Признаться, я и сам был там впервые «внутри». Осыпавшиеся стекла во время войны были заменены фанерами; большая пальма все равно погибла, но некоторые поменьше удалось спасти. На них были повязаны гвардейские ленточки — черные с желтым. Я прочитал на табличке:
ПАЛЬМА ПОСЕВА 1937 ГОДА
ПЕРЕЖИЛА БЛОКАДУ
«Это я», — сказал я не без гордости.
Эпизод в фильм не вошел.
Зато вошел другой, менее желанный; пришлось отвечать на вопрос, почему я переехал в Москву. Вопрос этот хронически возмущает меня, так же как и вопрос, почему я не эмигрировал. «Я эмигрировал, — отвечал я. — В Москву».
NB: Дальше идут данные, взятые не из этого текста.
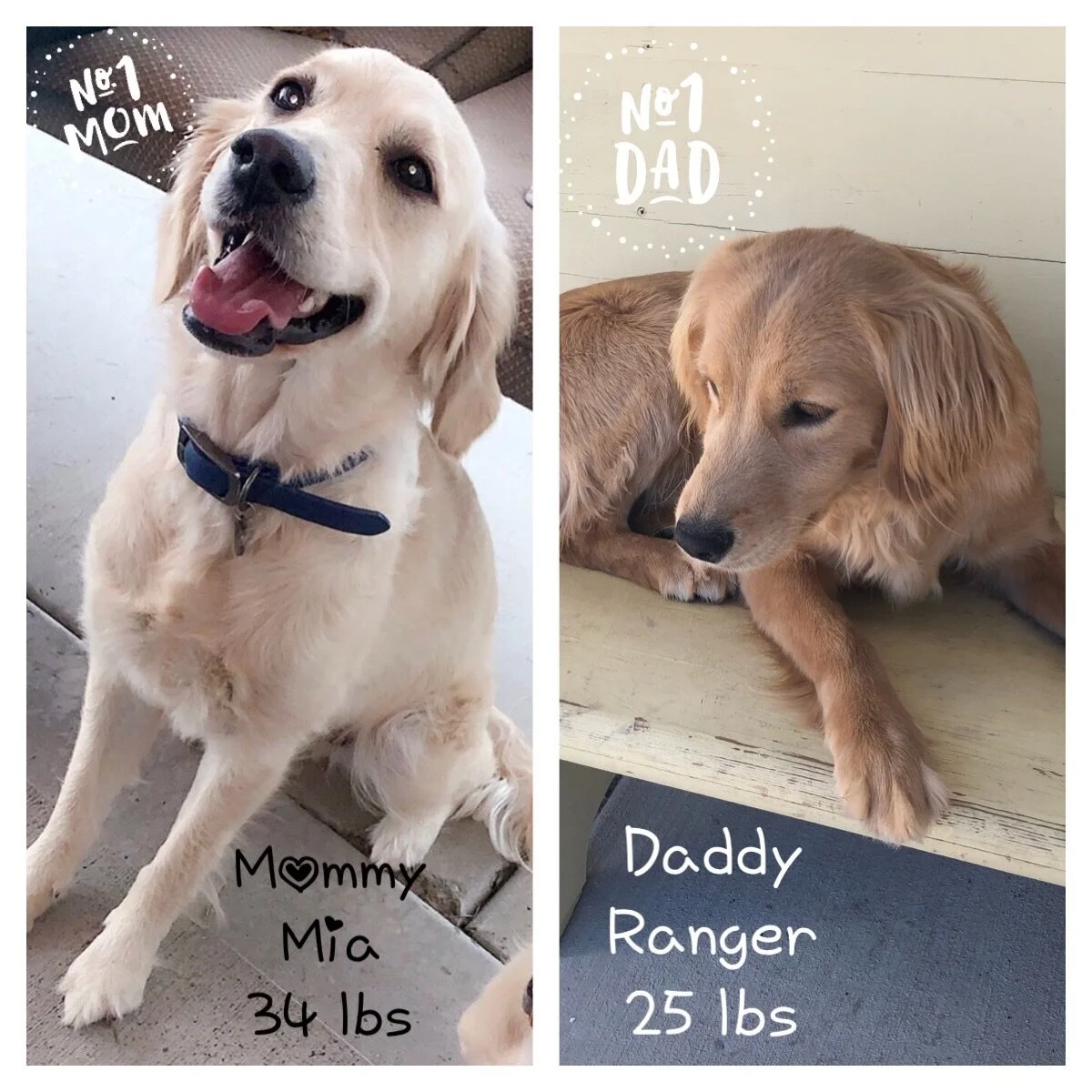 Mia and our Ranger puppies are due October 17th and ready to go home around December 11th.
И сколько бы я ни возмущался, что институт «прописки» лишь милицейская (полицейская) мера, что я никогда не покидал Питера, поскольку здесь у меня семья и могилы и теперь уже внуки (внучка посева 1986 года)… по взгляду интервьюера я понимал, что звучу неубедительно: переезд из Ленинграда в Москву считается изменой.
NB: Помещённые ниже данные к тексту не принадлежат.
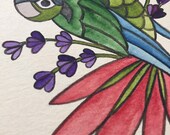 Green Cheeked Conure original watercolor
В Ленинград из Москвы давно уже никто не переезжает. Выражение «коренной ленинградец» звучит гордо. Тогда же я узнал цифру 0,4 %. Столько осталось «коренных» к тому времени (десять лет назад). И я, потомственный Почетный гражданин Санкт-Петербурга (дед получил это звание в 1915 году), у которого здесь могилы в пяти поколениях, родившийся здесь, причем в день основания города, переживший блокаду, сохранивший здесь семью, родивший здесь детей и внуков… да таких в сто раз меньше, чем 0,4 %!.. считаюсь изменником и москвичом лишь на основании штампа в паспорте!! Мне на шестидесятилетний юбилей украли на Шуваловском кладбище крест на могиле родителей!!! Тоска.
Есть в чем разобраться.
В Петербурге есть два противоположных памятника. Оба на Неве. На левом берегу — самый знаменитый — Петру Первому работы Фальконета, воспетый Пушкиным в еще более знаменитой поэме «Медный всадник». На вздыбившемся коне, в лавровом венце, простирает Петр правую руку в великую перспективу России (между прочим, на здание филологического факультета Петербургского университета). Но почему-то змея обвивает ногу коня… Неожиданный символ! Говорят, таких коней, чтобы на двух ногах удерживались на пьедестале, во всем мире единицы… вот и трезвое объяснение символике: змей понадобился скульптору в последнюю очередь (конь заваливался) как дополнительная точка опоры.
Другой памятник, чуть выше по течению, на берегу уже правом, стоит в более уверенной позе. Это Ленин вольтижирует на броневике у Финляндского вокзала. Он простирает ту же руку тоже в сторону великого будущего, хотя и противоположную: то ли указывает на будущий Большой Дом, то ли (что вернее) на Московский вокзал…
Оба указывают России в противоположные стороны. Только это не Запад и Восток. Одна Нева между ними течет с Востока на Запад. Петр указывает на Север, а Ленин на Юг.
Туда он и подастся в 1918 году, с Московского вокзала. В Москву.